● WHAT THE TASK ASKS
Transcribe, word for word, every line from the one containing "Gebraucht VW Golf" through the final line of the records, and omit the pictures.

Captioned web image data
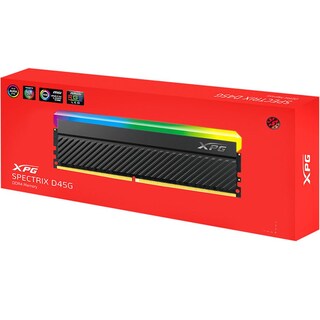 Foto 4 | Memoria Ram Ddr4 8gb 3600mhz Xpg Spectrix D45g Rgb Disipador Ax4u36008g18icbkd45g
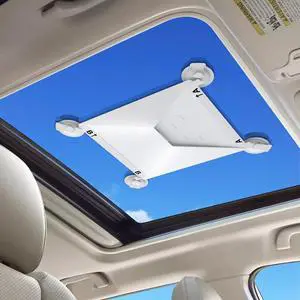 Kay&J Starlink Mini Suction Cup Mount with Strong Grip, Vehicle Window and Sunroof Compatible Kay&J Starlink Mini Suction Cup Mount with Strong Grip, Vehicle Window and Sunroof Compatible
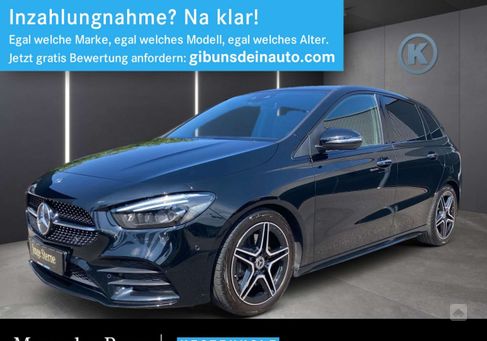 Mercedes-Benz B 220, 2019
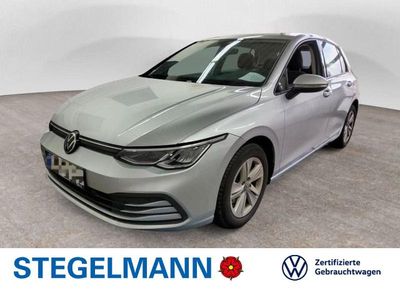 Gebraucht VW Golf VIII Life 131 PS (96 kW) 2020 Limousine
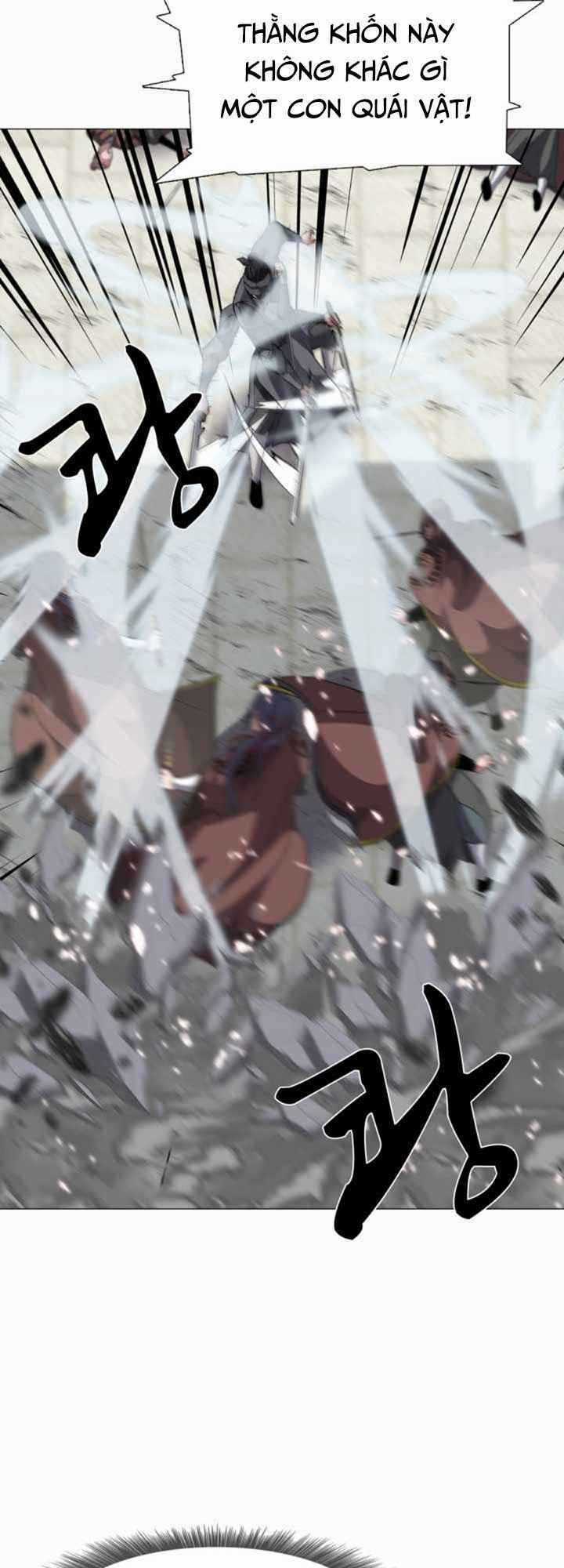 VÕ SĨ HỘ VỆ Chapter 9 trang 12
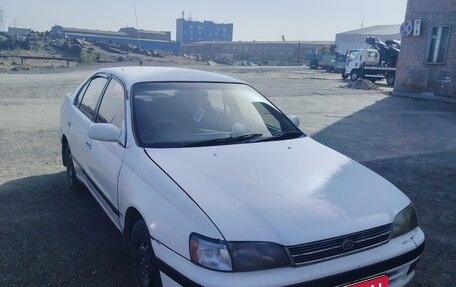 Toyota Corona IX (T190), 1995 год, 280 000 рублей, 1 фотография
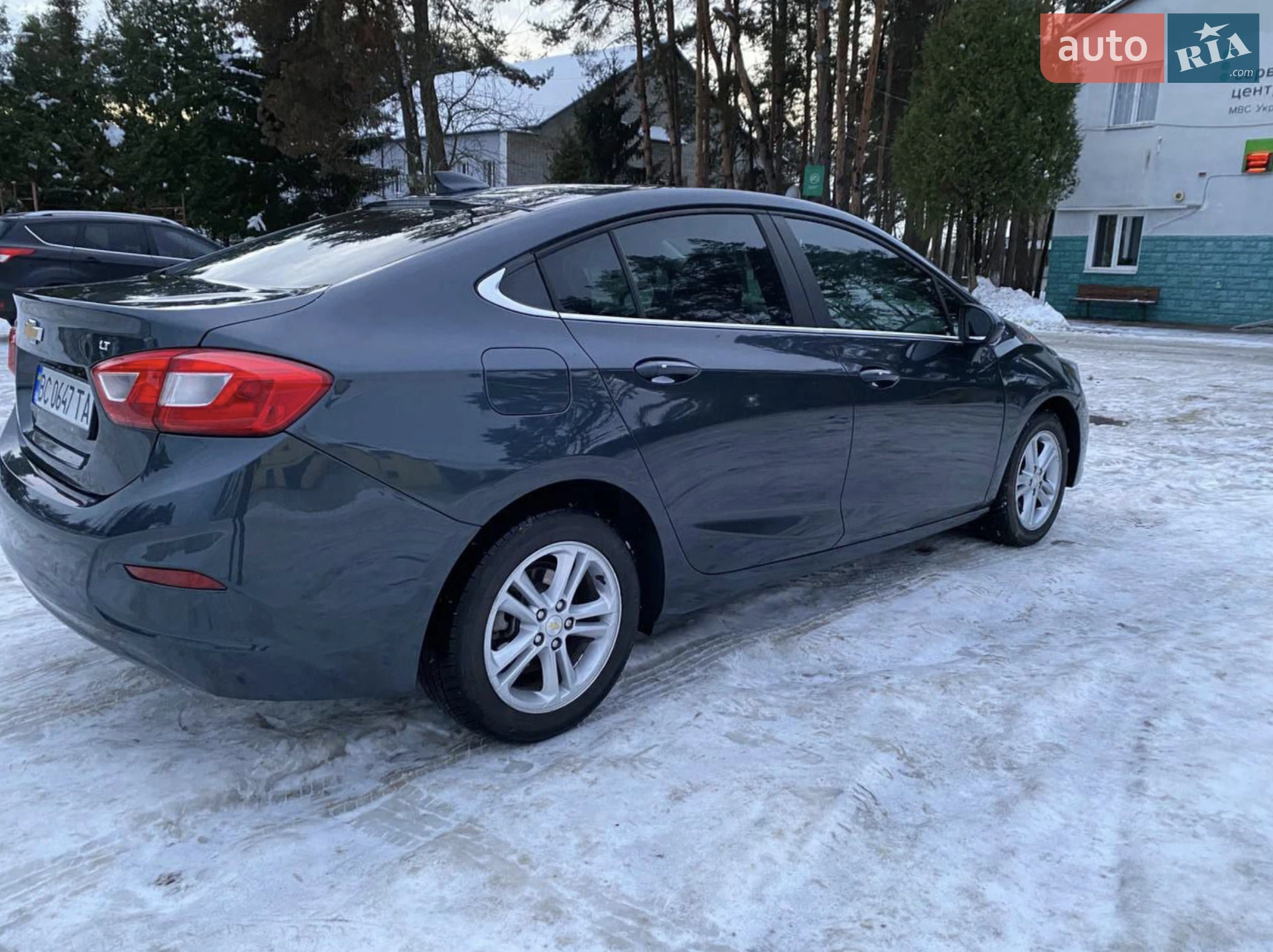 2016 Chevrolet Cruze - мініатюра 7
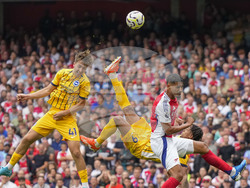 Britain Soccer Premier League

● ANSWER TO THE EXERCISE
 Gebraucht VW Golf VIII Life 131 PS (96 kW) 2020 Limousine
 VÕ SĨ HỘ VỆ Chapter 9 trang 12
 Toyota Corona IX (T190), 1995 год, 280 000 рублей, 1 фотография
 2016 Chevrolet Cruze - мініатюра 7
 Britain Soccer Premier League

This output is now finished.